Reproduce the entries word for word but drop every picture.

***** Exercise input

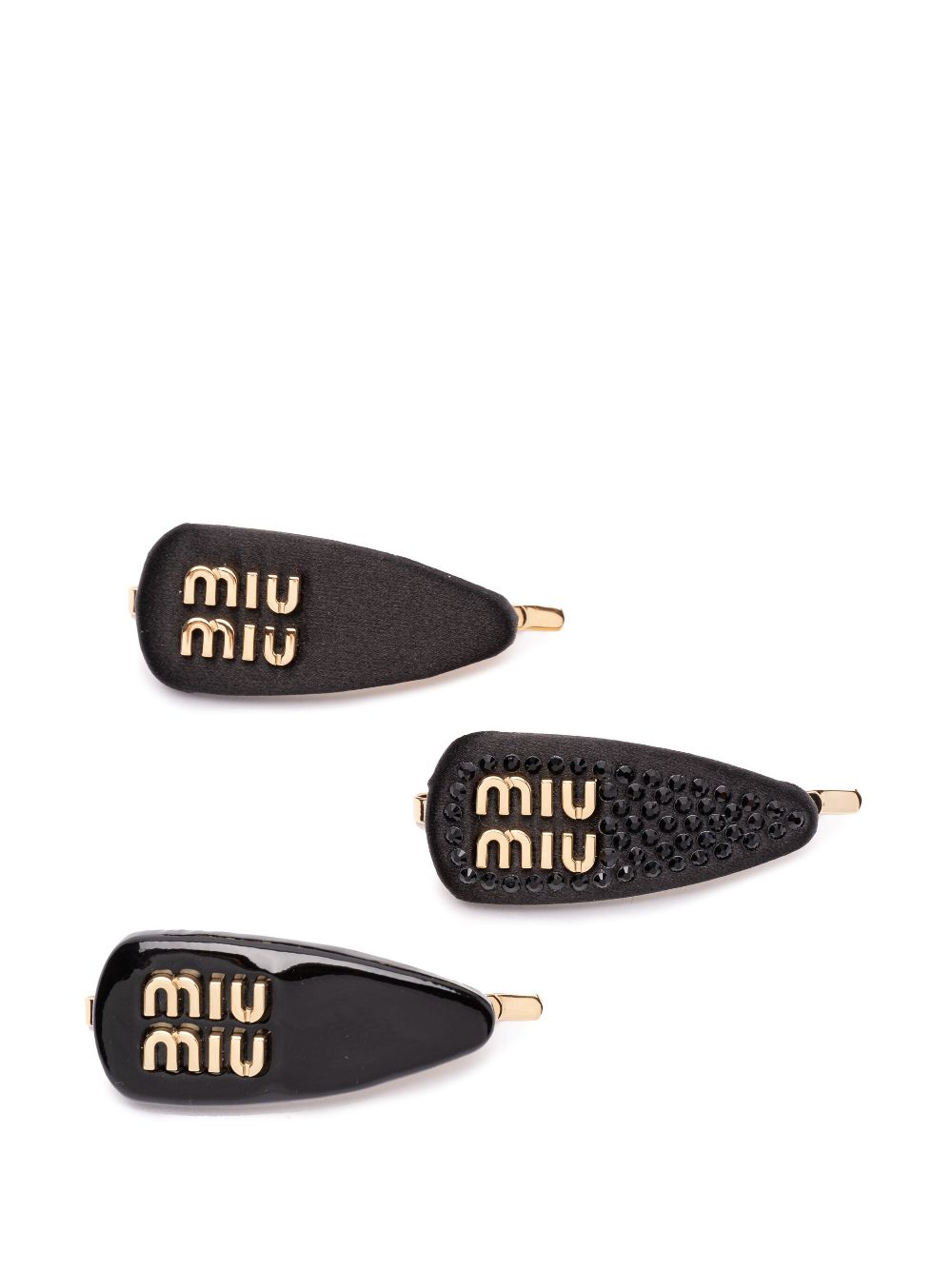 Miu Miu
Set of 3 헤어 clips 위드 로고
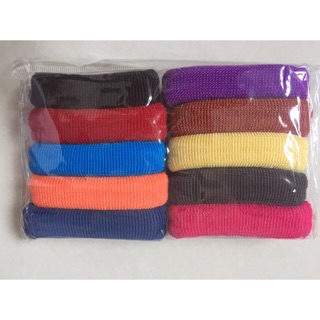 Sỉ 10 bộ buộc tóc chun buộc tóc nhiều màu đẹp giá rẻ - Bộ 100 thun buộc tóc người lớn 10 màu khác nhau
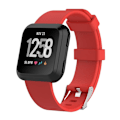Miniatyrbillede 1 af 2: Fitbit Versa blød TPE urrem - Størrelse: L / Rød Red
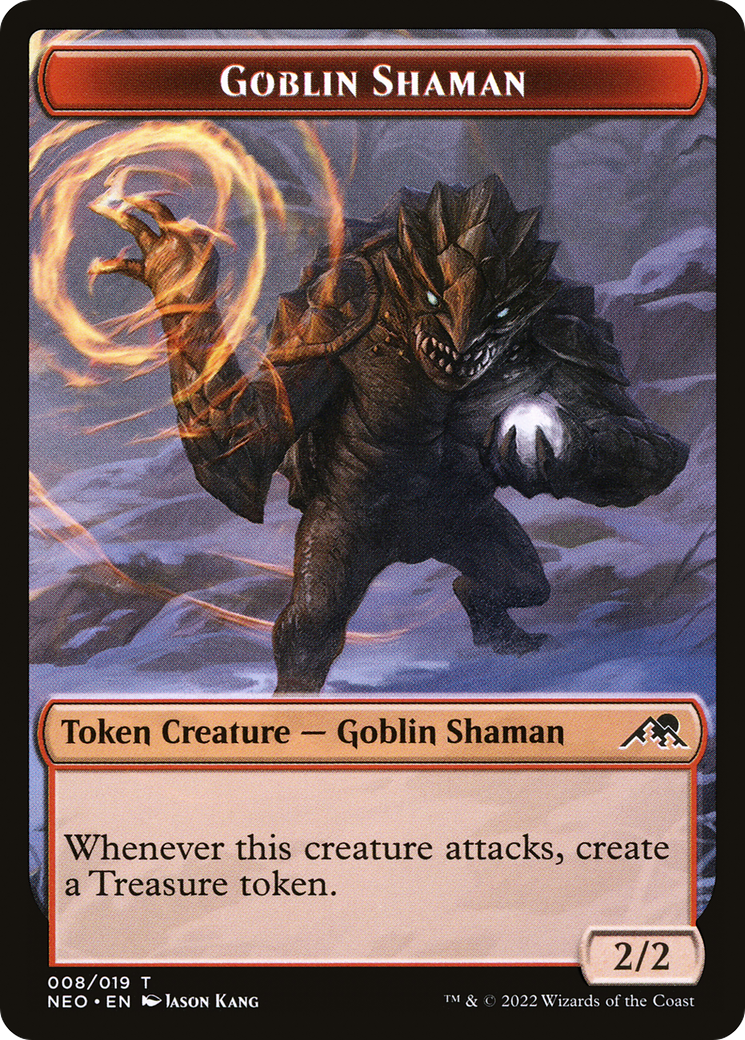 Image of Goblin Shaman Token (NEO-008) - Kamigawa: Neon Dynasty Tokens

**********

Exercise response:
 Miu Miu
Set of 3 헤어 clips 위드 로고
 Sỉ 10 bộ buộc tóc chun buộc tóc nhiều màu đẹp giá rẻ - Bộ 100 thun buộc tóc người lớn 10 màu khác nhau
Miniatyrbillede 1 af 2: Fitbit Versa blød TPE urrem - Størrelse: L / Rød Red
 Image of Goblin Shaman Token (NEO-008) - Kamigawa: Neon Dynasty Tokens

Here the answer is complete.